Everyone that is familiar with Star Wars knows that compassion is a central theme for Jedi. Compassion is essentially feeling sympathy for those who are less fortunate than you and the motivation to help them out. Because attachment is also frowned upon for Jedi, this means that they must be compassionate for everyone they meet, even though there is no pre-existing attachment to them. This is the purpose of the Jedi. They put everyone’s needs before their own in an attempt to make the Galaxy a better place- even if it means they must sacrifice something to do so. Because many Jedi are taken at such a young age, they can be taught to be compassionate.

However, Rey did not need to be taught compassion. Even though she probably struggled to even take care of herself at times- because she was left to fend for herself on Jakku at a very young age-, she is still able to look at those who have less than her and feel compassion for them. It is a part of her very nature and personality. This is not the case with most characters in Star Wars and it is something that makes Rey truly special. We see this first through her meeting of our beloved droid BB-8.

Rey had never met BB-8 before, but as soon as she heard his distressed beeps, she grabbed her staff and hurried to rescue him. There was absolutely no hesitation.

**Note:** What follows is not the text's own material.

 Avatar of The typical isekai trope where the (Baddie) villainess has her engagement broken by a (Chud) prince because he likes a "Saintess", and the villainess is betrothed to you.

While Teedo just wanted BB-8 for parts- which seems logical for a scavenger-, Rey saw BB-8 as something else. Not all characters in Star Wars see droids as equals, but Rey seems like one of the exceptions. After freeing him and reluctantly letting him follow her, Rey had an opportunity to sell BB-8 for 60 portions- literally for food that she was desperately working for. Those around her certainly expected her to take this deal, especially because she just got a lousy offer for her parts. She had no logical reason not to take it, except for her own compassion for BB-8. She knew what it felt like to be sold to Unkar Plutt, and she didn’t want that same fate for BB-8. Most scavengers would have taken that offer, but Rey is something more than most scavengers. By turning down that offer to sell BB-8 and accepting the meager half portion for her parts, Rey showed that she had the makings of a true Jedi. And this was before she even had any Jedi training.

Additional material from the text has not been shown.